### Required work
Leave the pictures out and reproduce, exactly, the lines from the one with "3 Kimbarra Close, Kotara NSW 2289" through the end of the entries below.

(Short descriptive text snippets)
- - -
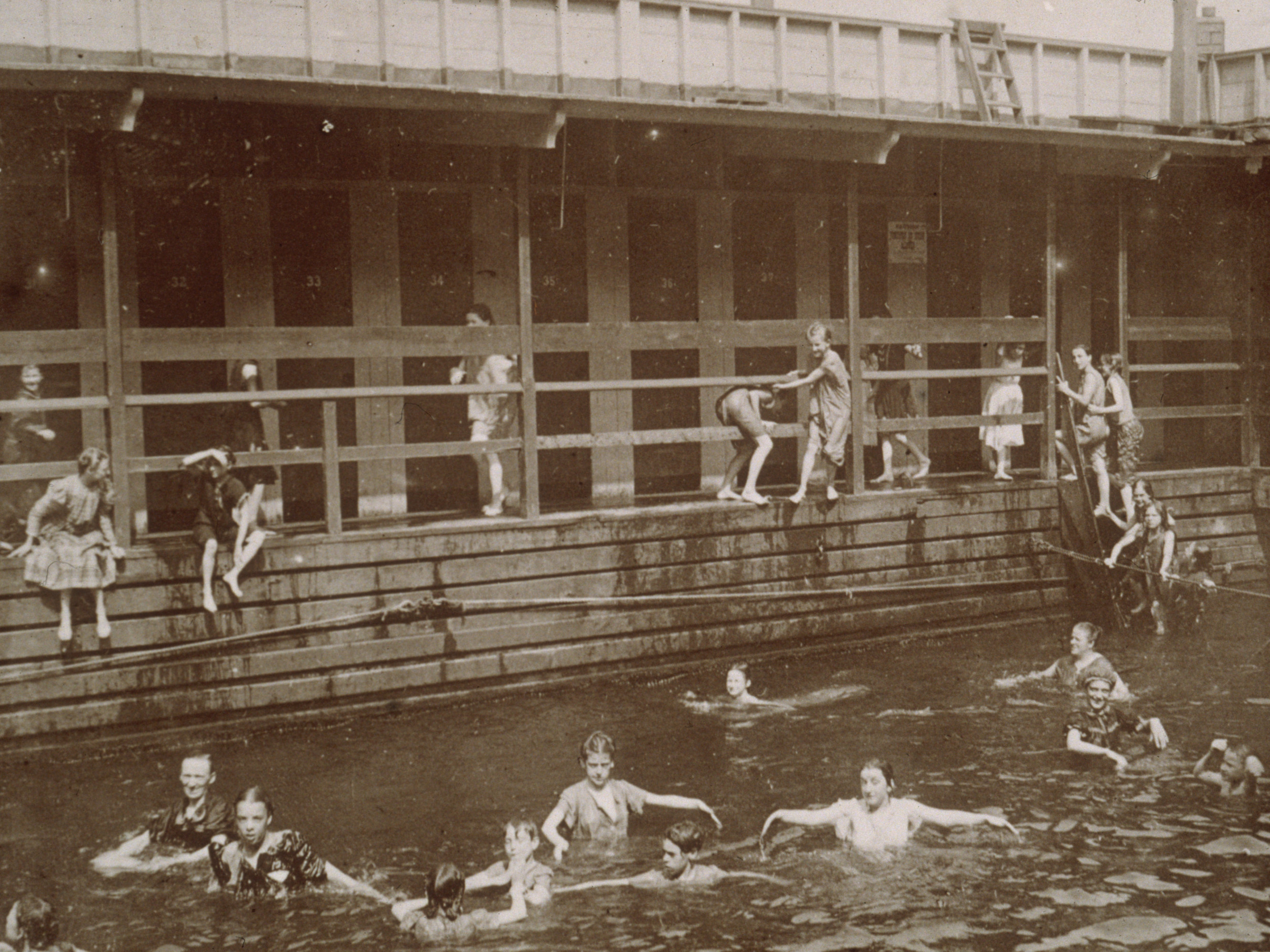 19 Incredible Photos Giving a Window Into 19th Century New York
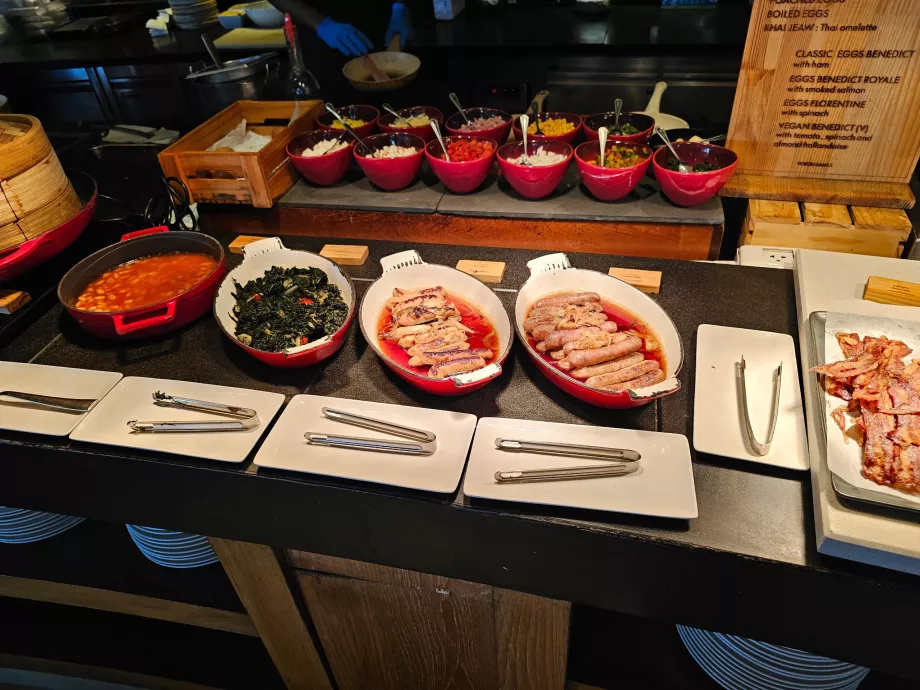 Kahvaltı - sıcak mutfak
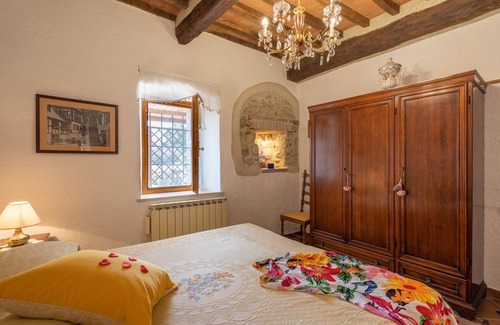 Casole d'Elsa House | Discover Selvatellino: Family-Friendly with Pool & Dining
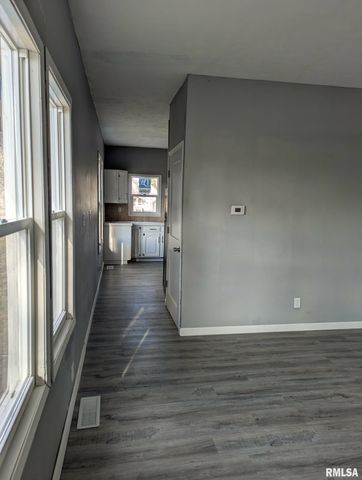 1301 E MORTON Avenue, Springfield, IL 62702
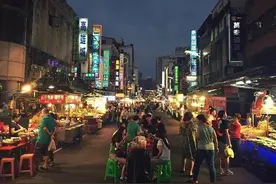 广州有一个神秘夜市，凌晨开张黎明结束，买家还需做到“三不问”图片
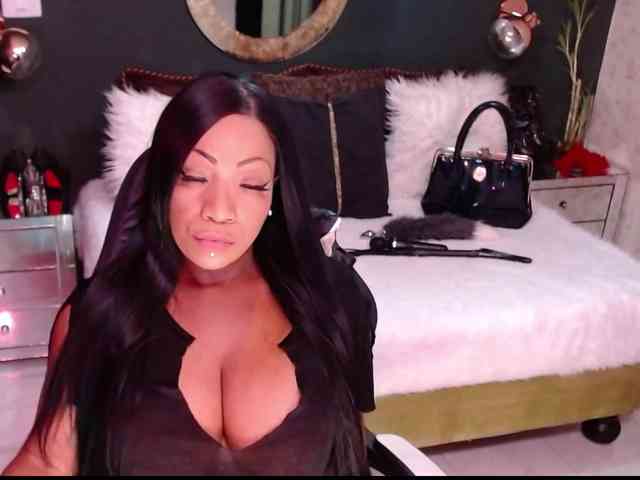 MadikeyHappy webcam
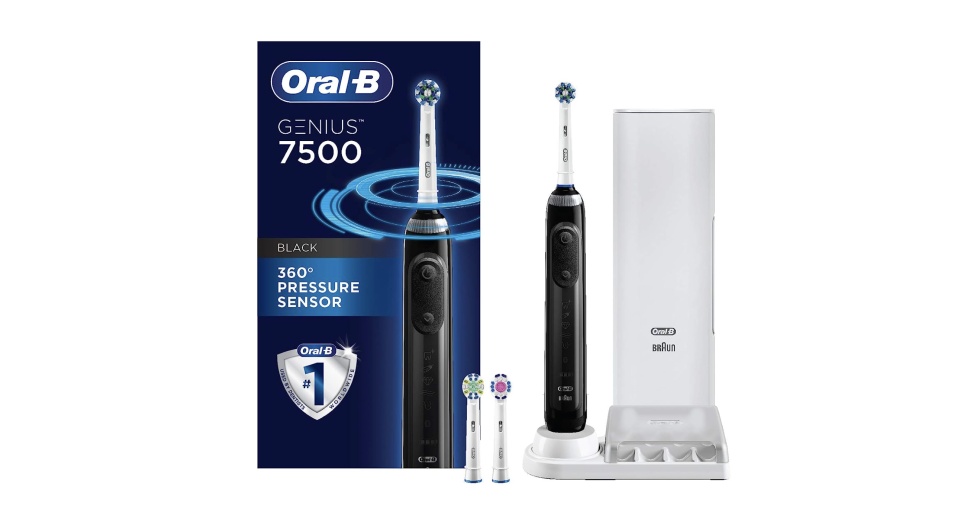 Cepillo de dientes eléctrico Oral-B 7500 con cabezales de recambio. Foto: amazon.com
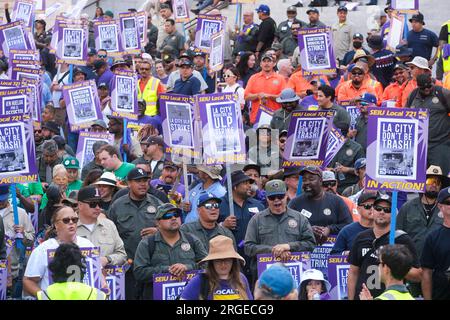 Los Angeles, États-Unis. 08 août 2023. Les manifestants se rassemblent avec des pancartes exprimant leur opinion pendant la manifestation. Plus de 11 000 des travailleurs de la ville de Los Angeles piquent devant la mairie de Los Angeles en quittant le travail pour une grève de 24 heures alléguant des pratiques de travail déloyales. Crédit : SOPA Images Limited/Alamy Live News Banque D'Images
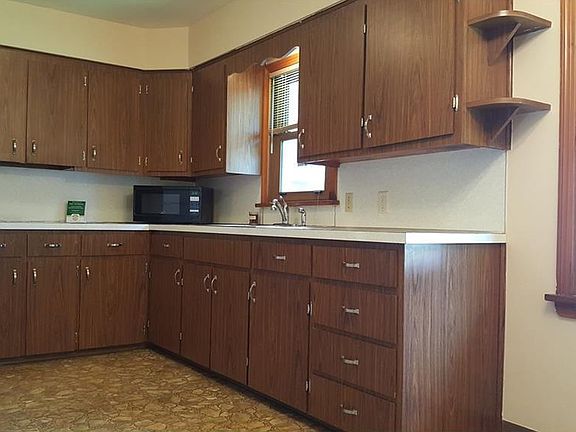 4th image of 675 E Park Ave
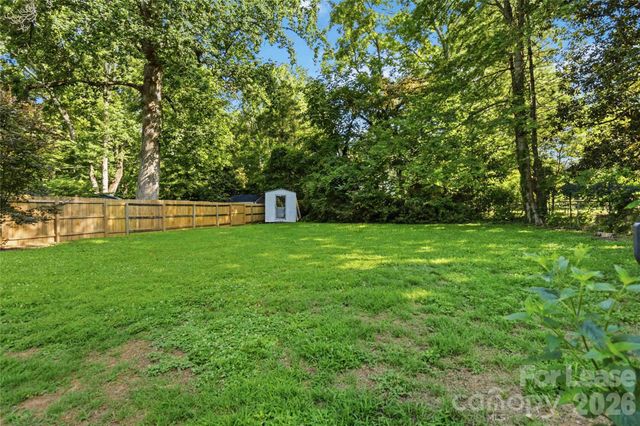 4231 Firethorne Road, Charlotte, NC 28205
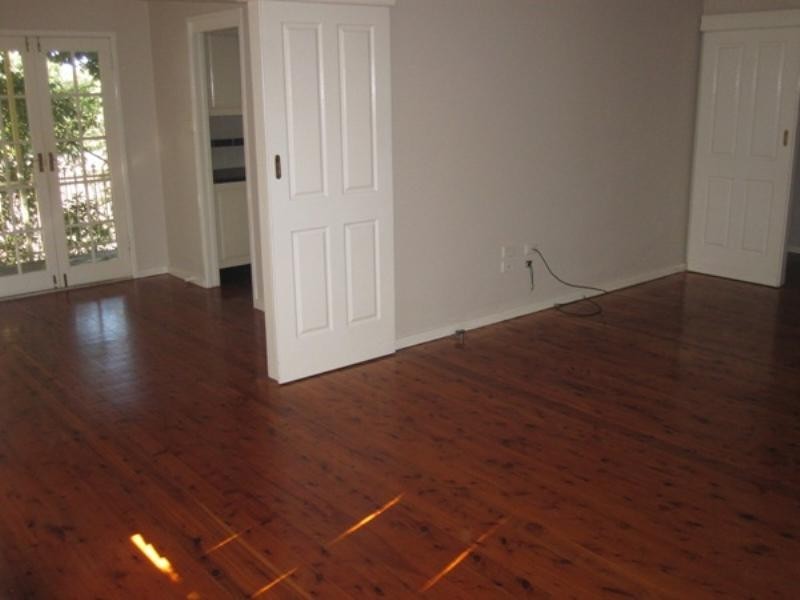 3 Kimbarra Close, Kotara NSW 2289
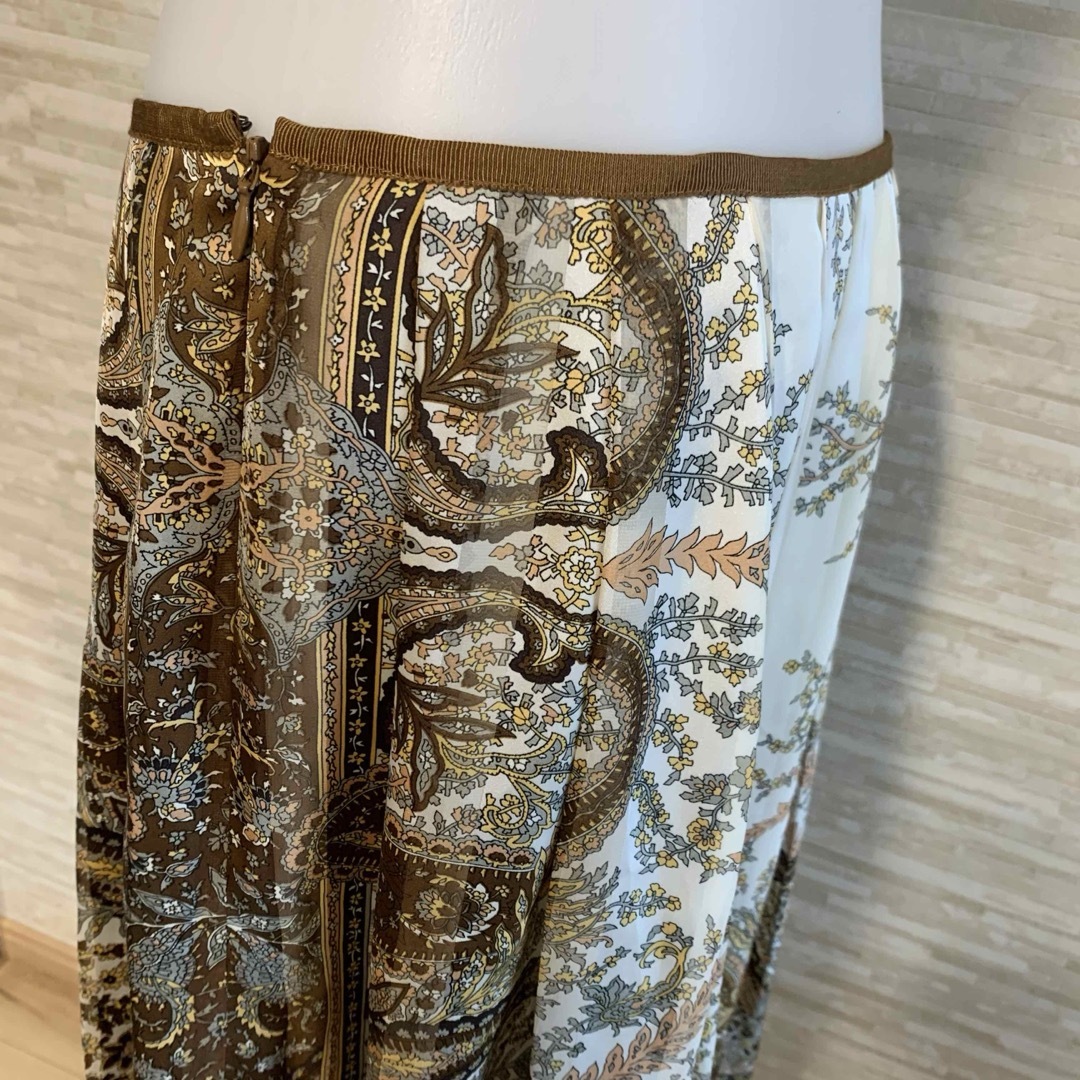 AMACA(アマカ)のAMACA 艶 プリーツ  スカート レディースのスカート(ひざ丈スカート)の商品写真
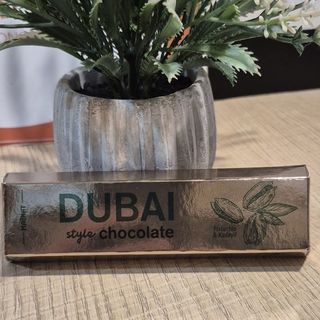 Chocolate con leche Dubai kadayif y pistacho Magnat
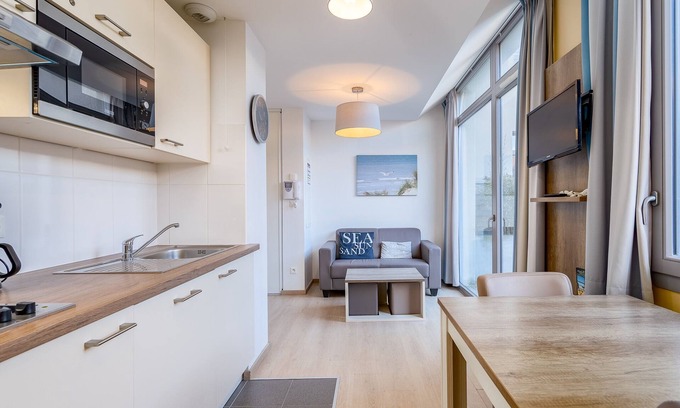 Bray-Dunes House | Cozy Studio for Two with Kitchen & Pet-Friendly Amenities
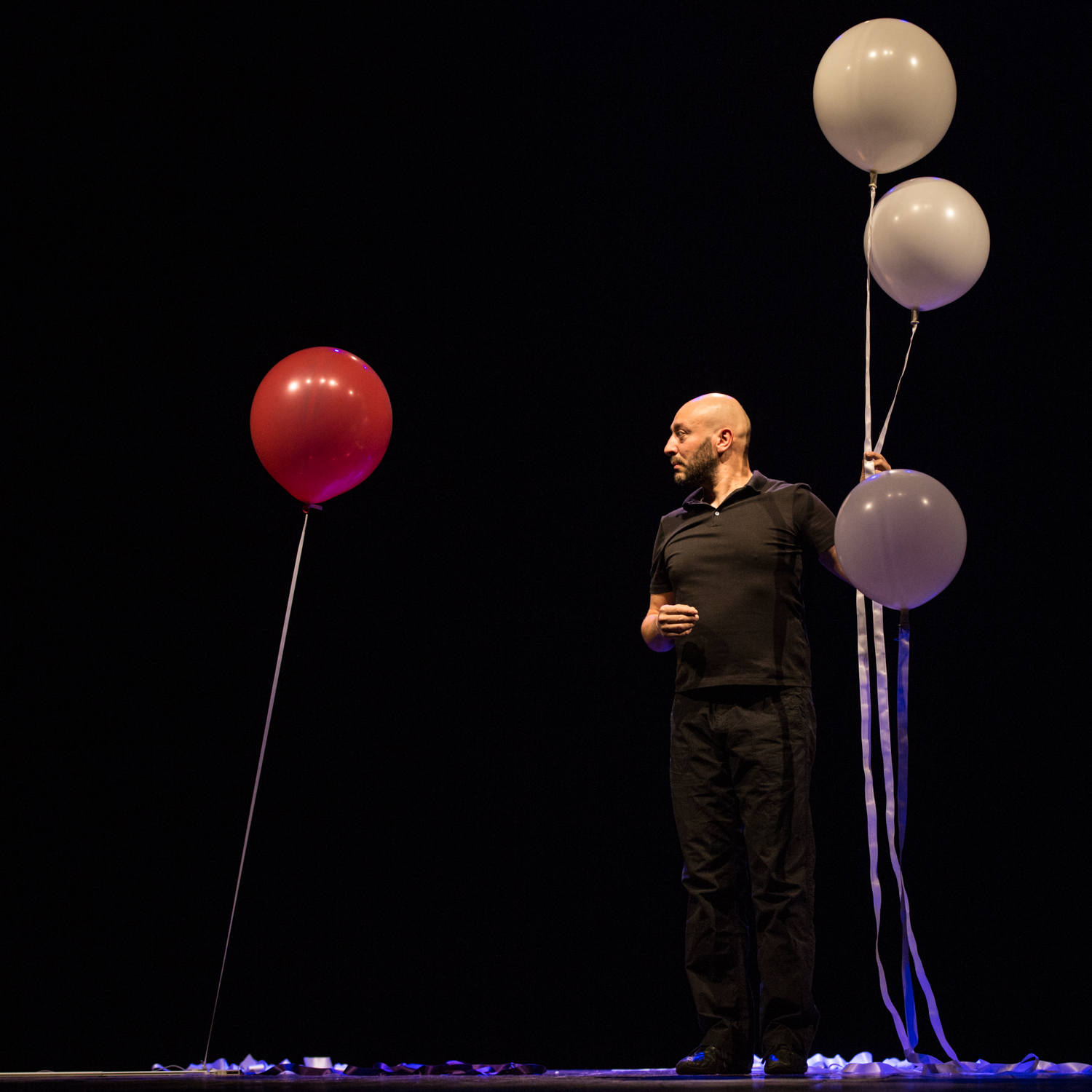 Scopri di più sull'articolo La programmazione di Scappo a teatro-Famiglie prosegue a Rovereto con il “Racconto alla rovescia” di Claudio Milani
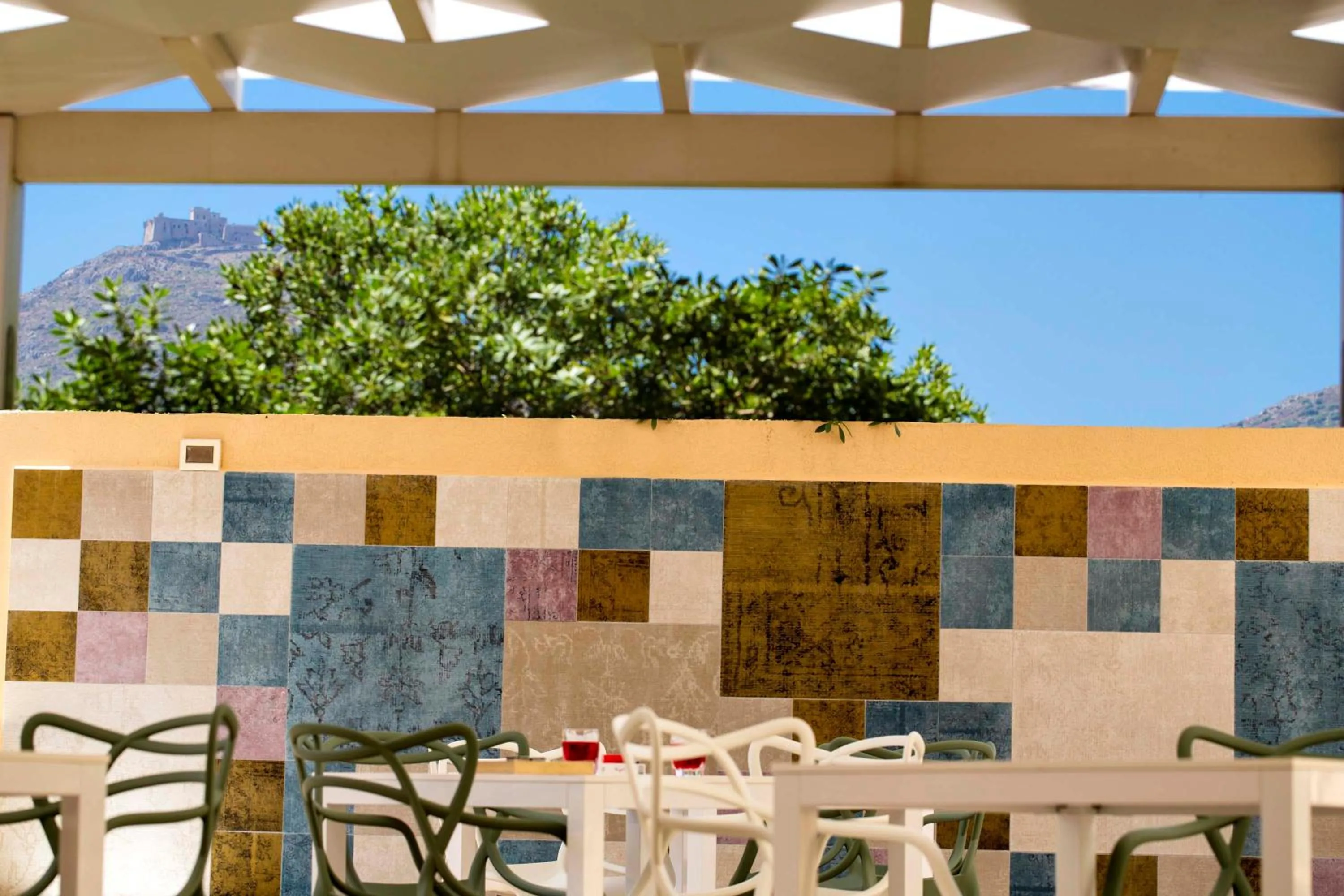 Restaurant/places to eat in FAVIGNANA HOTEL Concept Holiday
- - -
### The completed task
 3 Kimbarra Close, Kotara NSW 2289
 AMACA(アマカ)のAMACA 艶 プリーツ  スカート レディースのスカート(ひざ丈スカート)の商品写真
 Chocolate con leche Dubai kadayif y pistacho Magnat
 Bray-Dunes House | Cozy Studio for Two with Kitchen & Pet-Friendly Amenities
 Scopri di più sull'articolo La programmazione di Scappo a teatro-Famiglie prosegue a Rovereto con il “Racconto alla rovescia” di Claudio Milani
 Restaurant/places to eat in FAVIGNANA HOTEL Concept Holiday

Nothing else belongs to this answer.